The Threat Hunting Report is the result of comprehensive research in partnership with the 400,000+ member Information Security Community on LinkedIn to explore the next step in the evolution of the modern Security Operations Center (SOC) to combat an increasing array of sophisticated threats that evade existing security defenses.
Download this unique report to learn about the latest trends and benchmarks on the current state of threat hunting, and learn about key challenges for SOCs, threat hunting adoption, benefits of threat hunting, and best practices.
- Threat management continues to challenge SOCs – Detection of advanced threats remains the #1 challenge for SOCs (55 percent), followed by lack of security expertise (43 percent). 76 percent of respondents feel that not enough time is spent searching for emerging and advanced threats in their SOC. Lack of budget (45 percent) remains the top barrier to SOCs who have not yet adopted a threat hunting platform.

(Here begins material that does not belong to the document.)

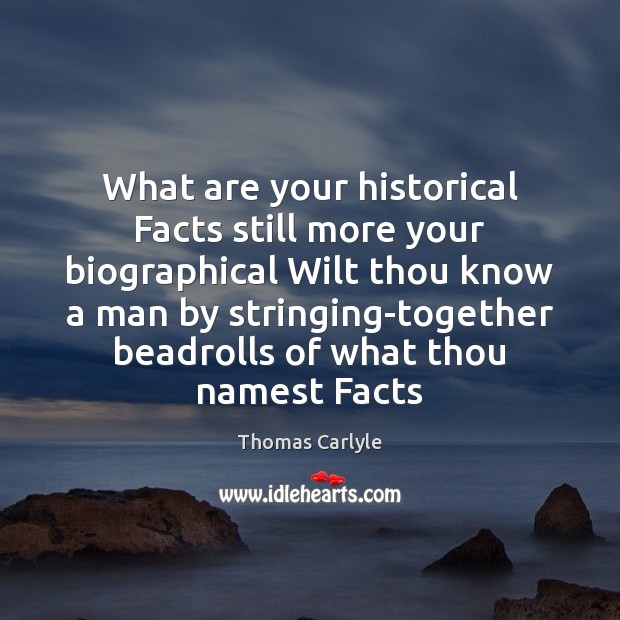 What are your historical Facts still more your biographical Wilt thou know Thomas Carlyle Picture Quote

- Threat hunting is gaining momentum – Organizations are increasingly utilizing threat hunting platforms (40 percent), up 5 percentage points from last year’s survey. Threat hunting is gaining momentum and organizations are making the investment in resources and budget to shift from reacting to attacks to the creation of proactive threat hunting programs and dedicated teams. Six out of 10 organizations in our survey are planning to build out threat hunting programs over the next three years.

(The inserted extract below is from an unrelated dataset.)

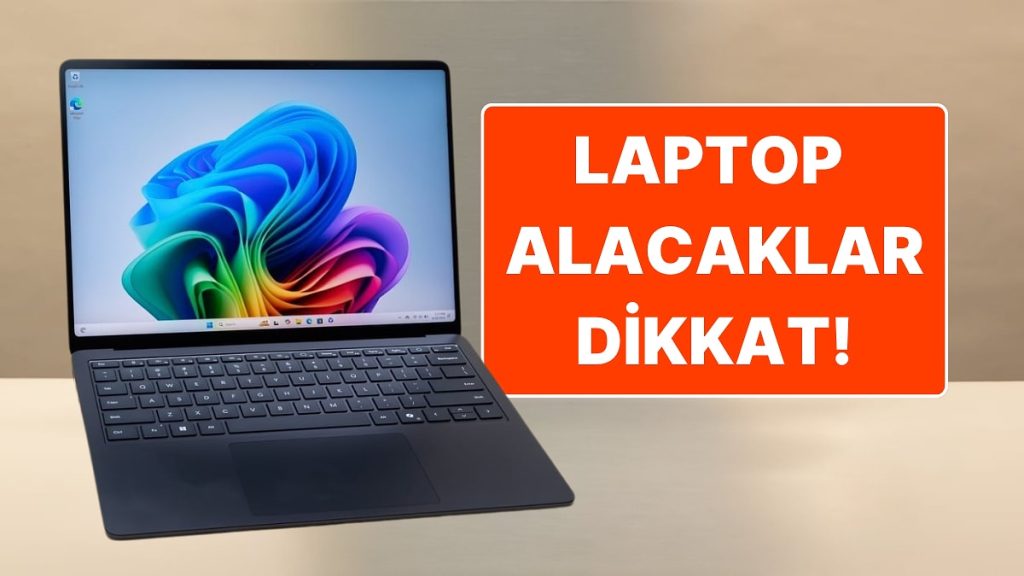 Dizüstü Bilgisayar Alırken En Çok Hangi Hataları Yapıyoruz?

- Threat hunting delivers strong benefits – Organizations are becoming more confident in their security team’s ability to quickly uncover advanced attacks, compared to last year. A third of respondents are confident to very confident in their team’s skills, a 7 percentage point increase over last year. Threat Hunting tools improve the speed of threat detection and response by a factor of 2.5x compared to teams without dedicated threat hunting platforms. The top benefits organizations derive from threat hunting include improved detection of advanced threats (64 percent), followed by reduced investigation time (63 percent), and saved time not having to manually correlate events (59 percent).

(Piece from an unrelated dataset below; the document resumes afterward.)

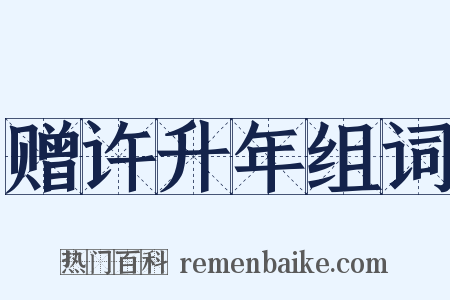 赠许升年组词是什么意思的图片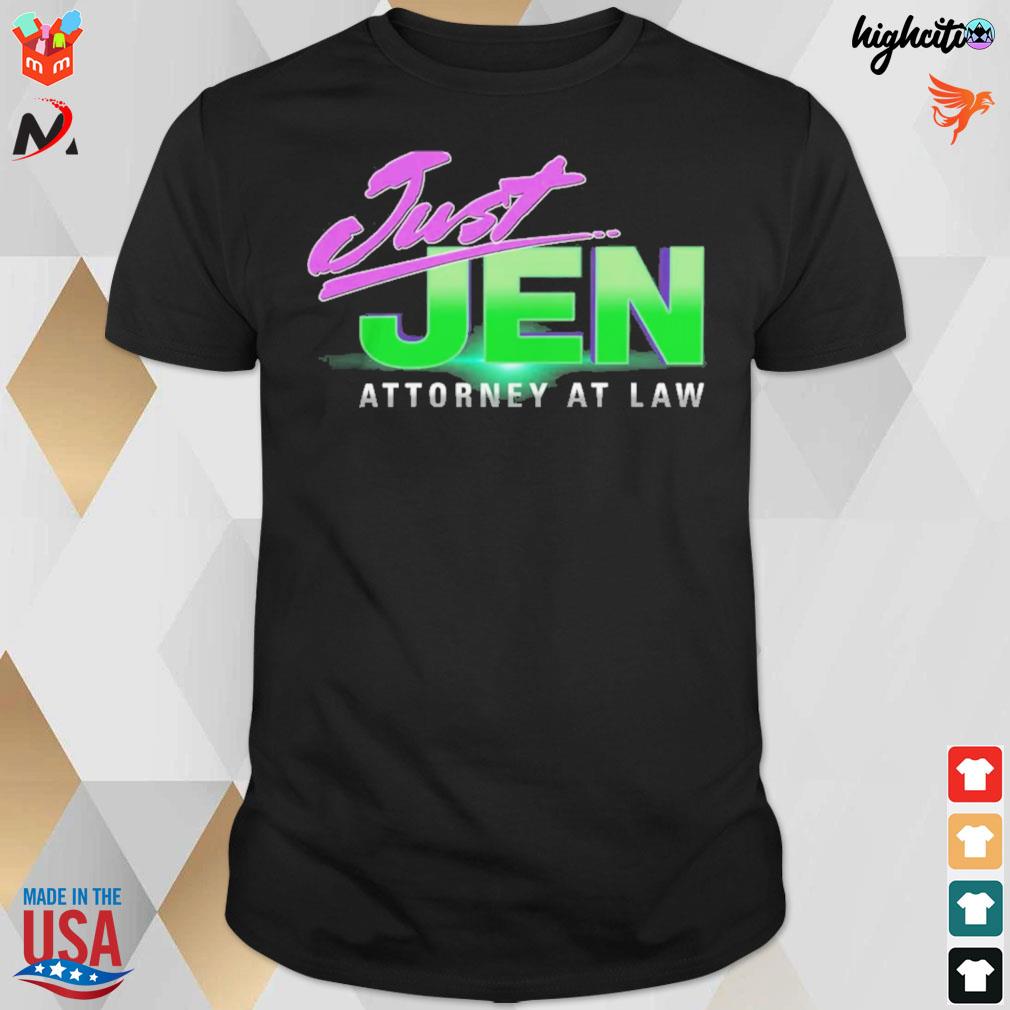 Just Jen Attorney at law t-shirt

- Threat frequency and severity more than doubles – A majority of 52 percent say threats have at least doubled in the past year. Based on this trend, the number of advanced and emerging threats will continue to outpace the capabilities and staffing of organizations to handle those threats.
Most important threat hunting capabilities – The most important threat hunting capabilities for cybersecurity professionals is threat intelligence (69 percent), followed by User and Entity Behavior Analytics (UEBA) (57 percent), automatic detection (56 percent), and machine learning and automated analytics (55 percent).